Ironically, these communities were obsessed with sex. There was this idea that sex abuse wasn't a thing in pagan and occult circles because they were more enlightened. But in truth if you objected to sexual abuse or harassment you were merely labeled uptight. I thought I was sexually enlightened until my poor decisions put me in a vulnerable position and I was raped. 

    Second, although she doesn't go into much detail on the summoning issue, she had this to say about demons:

So what do I mean when I talk about demons? I don't like talking about this, but maybe I should talk about it. It's inviting something in, and that something is dark and has a heaviness to it. It's something that sits and lurks, like the spiritual equivalent of an oil slick. It's scary, especially the first time, but often it isn't as scary as whatever very real need you have that drove you to this. It feels benignly malevolent, as if it isn't particularly interested in you, but doesn't exactly mean you well either. And it's easier the second time, and the third, etc... You romanticize it, like a spiritual drug that offers you the illusion of control. It doesn't really bring you what you want, but you cling to any small perceived success as vindication. Your life becomes more confusing, more filled with lies and cognitive dissonance. Everything feels like an illusion. Your relationships suffer. You realize the ritual and the "magic" isn't doing anything so you seek a relationship with the demon, but the demon doesn't want a relationship. It wants to consume you.

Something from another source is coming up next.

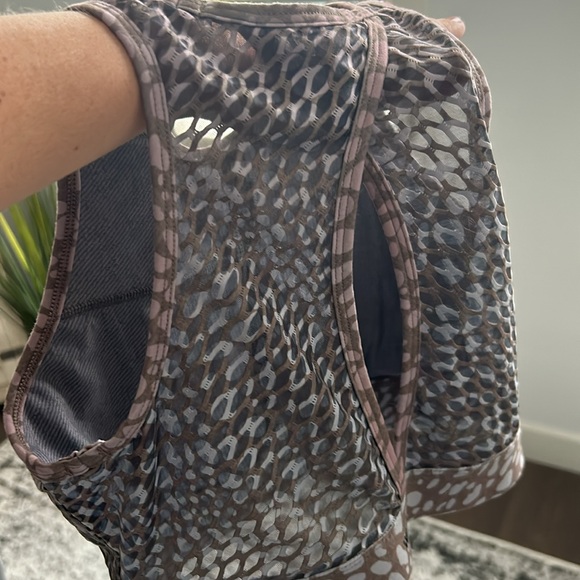 Peloton Sport Bra - Picture 4 of 4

She further notes that "[w]ith some distance, I now believe that the real goal of demons is to drive you to suicide, so you are theirs forever." If she only knew. Demons hate us because we have things they will never have: a physical body and the opportunity for spiritual growth and redemption. Their only purpose in existence is to try and deprive us of what they don't have and suicide effectively does both, even if the loss of the body is only temporary until the resurrection.

    Third, out of her list of advice for teachers and ministers, I found this one particularly interesting: "You don't have to convince them of the reality of evil, but it's going to be hard to convince them of the reality of good. The idea that God loves and forgives them is going to be incredibly hard for them to accept."